Alors que l’idée de métavers fait son chemin, des experts ont participé à une journée de débats sur le sujet lundi 14 novembre.
Le métavers est aujourd’hui encore un concept aussi flou que fascinant. De nombreux événements et conférences s’organisent sur le sujet, que ce soit pour débattre de technologies, de culture, d’économie ou d’éthique. Parmi eux : In the Metaverse, journée organisée par BNP Paribas et le magazine Fisheye, a été l’occasion de balayer plusieurs problématiques au travers de tables rondes et de monstrations artistiques immersives.
Créer pour le métavers
Le métavers offre tout un nouvel univers de possibilités pour les artistes qui s’intéressent au numérique. Cependant, comme nous pouvons le constater avec les tentatives de métavers actuels, en particulier Horizon Worlds, il est encore difficile de se détacher de la simple copie du réel. Cela était également un problème au début de la réalité virtuelle et d’Internet mais, au fur et à mesure, le métavers trouvera probablement, lui aussi, son propre langage et ses propres formats.
Les artistes Cyril Laurier et Maya Mouawad font partie de ces artistes qui utilisent le numérique pour créer des œuvres d’art immersives. Au-delà de la réflexion sur le message à faire passer avec l’œuvre, le défi est de savoir le faire ressentir et de penser la gestion de l’espace pour que finalement, comme l’explique Cyril Laurier, « la technologie disparaisse et le message apparaisse ». Mais les nouvelles technologies elles-mêmes peuvent être des sources d’inspiration : « On est obligés de défricher les outils, de savoir ce qui est de l’ordre du possible. Les technologies disponibles peuvent aussi nous donner des idées. »
Regards critiques sur les promesses du métavers
En introduction de l’événement, le cofondateur de Fisheye, Benoît Baume, soulevait déjà un premier problème de l’écosystème des métavers aujourd’hui : « L’aspect marchand du métavers peut être au bout du chemin, mais il ne peut pas être au début. » C’est en effet l’obsession pour la rentabilité, la monétisation et de potentielles richesses qui dicte beaucoup de décisions sur les métavers aujourd’hui, la spéculation autour de l’immobilier virtuel et la débâcle de Meta face au manque de rentabilité de Horizon Worlds étant des exemples particulièrement marquants. Le docteur en économie Julien Pillot, lui, déplore que les groupes de réflexion autour des métavers soient constitués de « beaucoup d’industriels et peu d’intellectuels », alors que c’est un concept complexe qui nécessite une approche multidisciplinaire.

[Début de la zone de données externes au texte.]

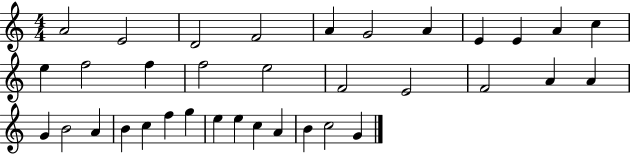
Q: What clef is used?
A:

Éthique et philosophie des sociétés virtuelles
La notion de société virtuelle peut rappeler cette idée de « métavers souverain » à l’échelle française ou européenne, proposée entre autres par la classe politique française. Si ce concept est aussi prévalent, c’est parce que l’Europe a été traumatisée par son incapacité à créer une entreprise ayant l’impact planétaire de Google et à garantir les libertés fondamentales en ligne, ce qui donne l’impression de ne pas être maître de notre destin numérique. Malgré ces inquiétudes, le chef du numérique du ministère de la Culture, Romain Ladessus, a insisté sur le fait que le gouvernement considérait avant tout le métavers comme une question de politique culturelle. Une démarche confirmée en septembre dernier par la création d’un fonds de plusieurs millions d’euros par an dédié aux œuvres immersives.
Éric Sadin, penseur spécialiste du monde numérique, a donné une perspective philosophique sur l’évolution des technologies depuis les années 2000 pour arriver au métavers et sur les risques que cela pourrait engendrer pour l’humanité, en créant une forme d’isolement collectif qui nous sédentarise de plus en plus en amenant le monde à nous et, éventuellement, en substituant à nos perceptions réelles des sensations virtuelles. Cette intervention a été complétée d’une performance théâtrale du collectif 6ml sur le lien parfois fusionnel, obsessionnel ou conflictuel entre l’utilisateur et son avatar, entre le réel et le virtuel.